The figure striding into the room was easily seven feet tall. He limped towards Lawrence with an unsteady gait, his legs teetering and seeming to threaten collapse with each step, like a toddler learning to walk but too inexperienced to trust his limbs. A gown of thick brown fabric covered his thin frame to where his knees should’ve been, and a hooded cowl capped his head, rendering shadows over his face.
Brooke lunged against her chains. “Who the fuck you think you are the fuck did you do to—” She stopped as the towering figure turned in the middle of a rickety step and strode towards her.
“No!” Lawrence screamed. “Me! Come to me!”
The figure drew his right hand from his robes. A mound of black dirt lay in its palm. Brooke had backed away as far as her binds would allow, and Lawrence saw blood ringing her thin ankles where the chains bit. The man— that’s no man you know that’s no man— stopped in front of her, dark crumbs falling from his upturned hands. With a crack that stained Lawrence’s jeans with a spurt of urine, each of the figure’s legs bent at the middle and snapped, creating a pair of splintered, jagged knees.
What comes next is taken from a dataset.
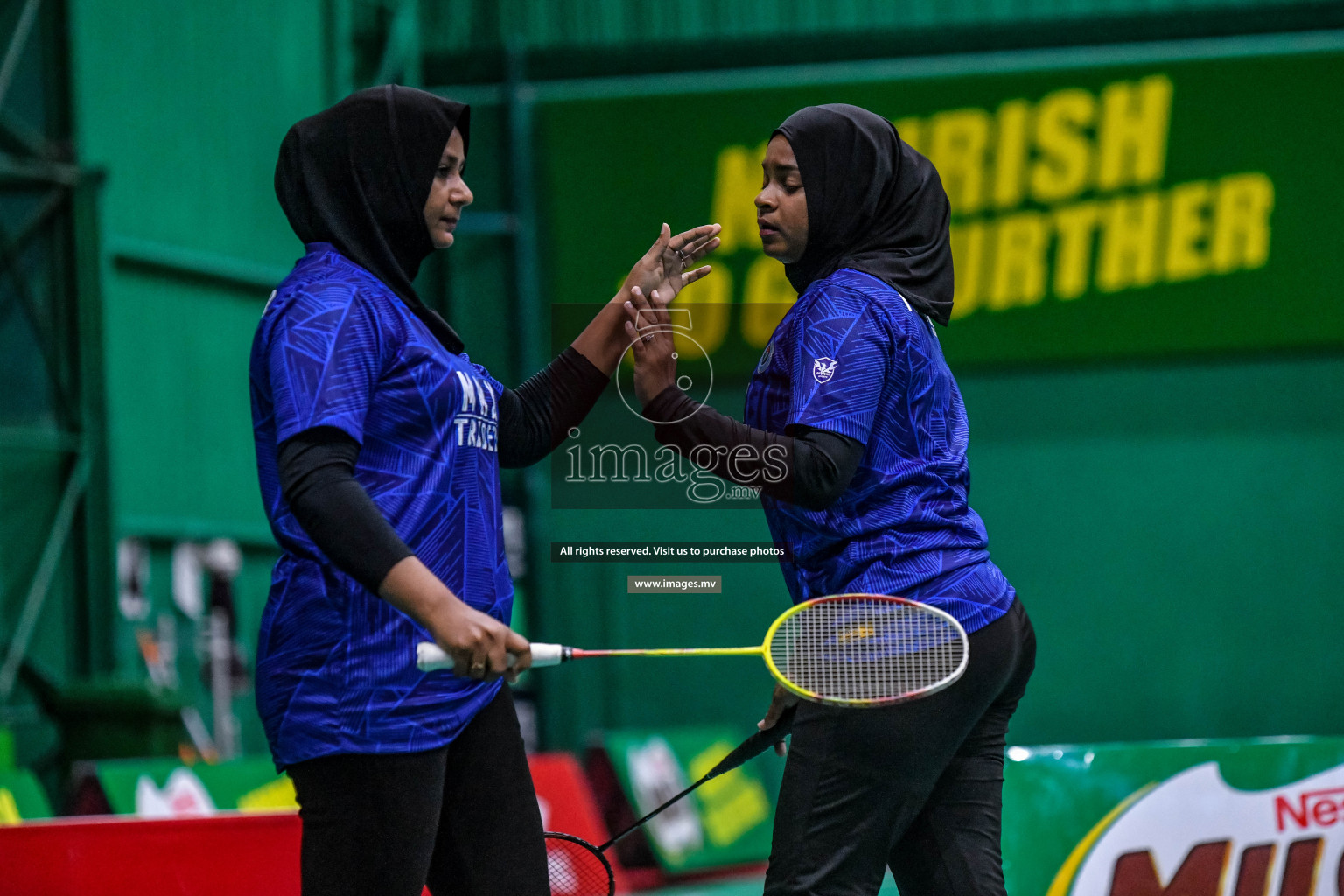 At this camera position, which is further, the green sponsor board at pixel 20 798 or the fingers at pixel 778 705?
the green sponsor board at pixel 20 798

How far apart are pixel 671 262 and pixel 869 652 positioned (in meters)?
0.87

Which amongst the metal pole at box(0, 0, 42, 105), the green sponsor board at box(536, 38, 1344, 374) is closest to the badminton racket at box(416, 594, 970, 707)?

Brooke screamed, covered her ears as if preparing for the next explosion of breaking joints.
The thing knelt before her, its face cloaked in the darkness of its hood. Its left arm emerged from its sleeves, as straight and unwavering as its legs had been before the deafening crack. Lawrence envisioned a snake slithering from its den as the arm grew longer, longer, knotty yet smooth. Lawrence lunged, fingers curled and eager for the thing’s neck, but his chains locked tight and he pitched forward, his face slamming into the earthen floor. He raised his head into blindness, tried to scrape the grime out of his eyes. His ears, however, were ruthlessly keen, and pain riddled his chest as he heard his wife’s shrieks collapse into retching, choking sobs.
The thing was on him before he could regain his sight. A hand as hard as granite grabbed the back of his skull and wrenched his head back. Lawrence screamed. A ball of dirt smashed into his mouth. He shook his head, tried to dislodge the filth, to see his attacker. Blinking away enough for a hint of blurred sight, he saw only the hooded figure’s arm, directly in front of his face and shoving the soil down his throat. He gagged, spit, shrieked behind the wall of dirt filling his mouth, and finally, he swallowed. The dirt, now muddy with his saliva, slid down his esophagus like a ribbon of slime. He coughed, exaggerated the action in an effort to expel the dirt from his mouth, his stomach, his lungs, but the thing pressed harder. Lawrence could taste its fist in his mouth, and it tasted like timber.